— SUPPLIED RECORDS —
★ ★ ★ ★ ★

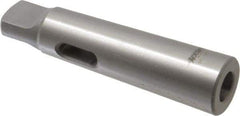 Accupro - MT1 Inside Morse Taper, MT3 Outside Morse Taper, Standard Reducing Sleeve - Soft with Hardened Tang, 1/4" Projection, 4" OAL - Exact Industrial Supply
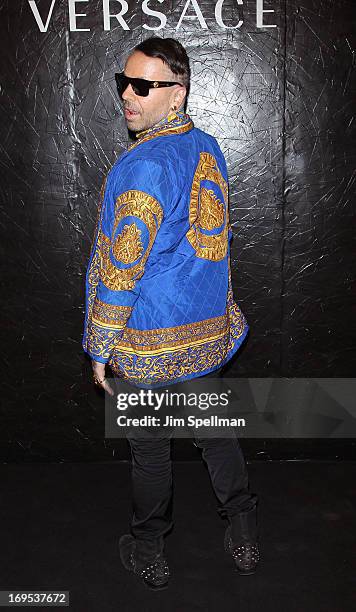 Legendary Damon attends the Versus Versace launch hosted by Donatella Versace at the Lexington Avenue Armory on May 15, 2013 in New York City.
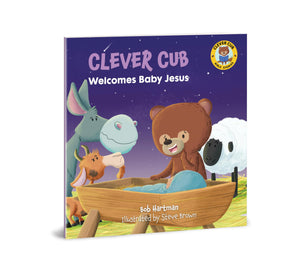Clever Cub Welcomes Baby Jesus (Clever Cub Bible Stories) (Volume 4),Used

★ ★ ★ ★ ★

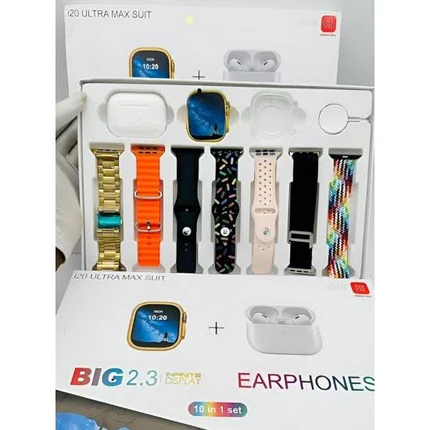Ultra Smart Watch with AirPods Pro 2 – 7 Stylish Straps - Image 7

★ ★ ★ ★ ★

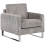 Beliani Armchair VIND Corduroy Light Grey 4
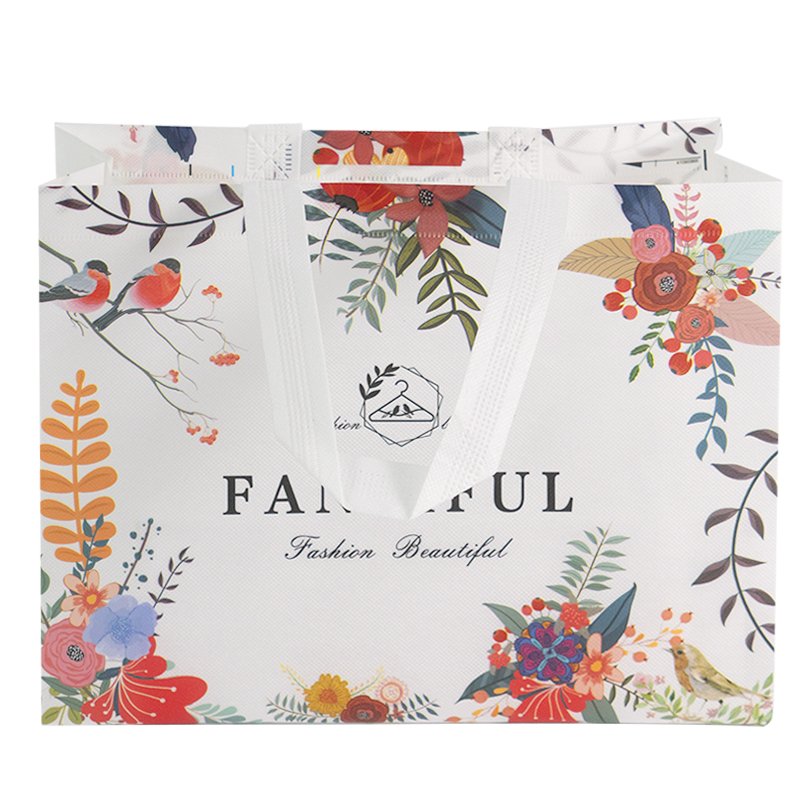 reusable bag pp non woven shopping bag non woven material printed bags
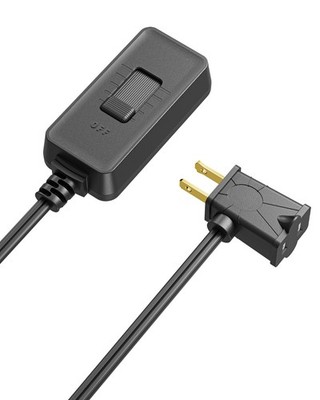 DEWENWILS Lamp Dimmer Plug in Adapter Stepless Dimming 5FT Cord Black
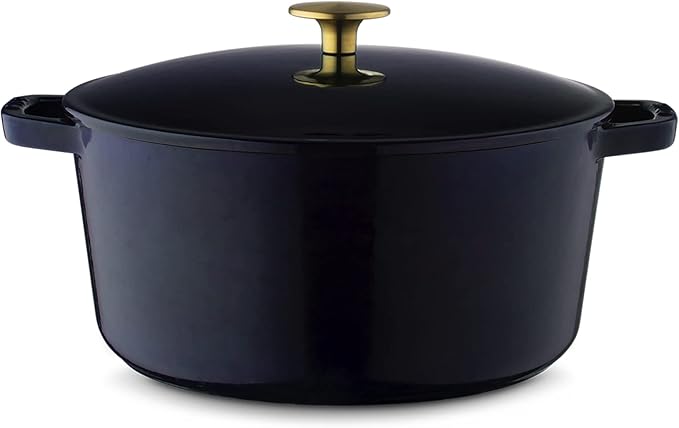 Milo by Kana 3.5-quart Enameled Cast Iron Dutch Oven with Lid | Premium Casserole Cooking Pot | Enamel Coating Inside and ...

★ ★ ★ ★ ★

— DESCRIPTION OF THE TASK —
Look above for the line with "Accupro - MT1" and the line with "Clever Cub Welcomes". Copy them and every line between, exactly, but no pictures.

— ANSWER TO THE PROBLEM —
 Accupro - MT1 Inside Morse Taper, MT3 Outside Morse Taper, Standard Reducing Sleeve - Soft with Hardened Tang, 1/4" Projection, 4" OAL - Exact Industrial Supply
 Legendary Damon attends the Versus Versace launch hosted by Donatella Versace at the Lexington Avenue Armory on May 15, 2013 in New York City.
Clever Cub Welcomes Baby Jesus (Clever Cub Bible Stories) (Volume 4),Used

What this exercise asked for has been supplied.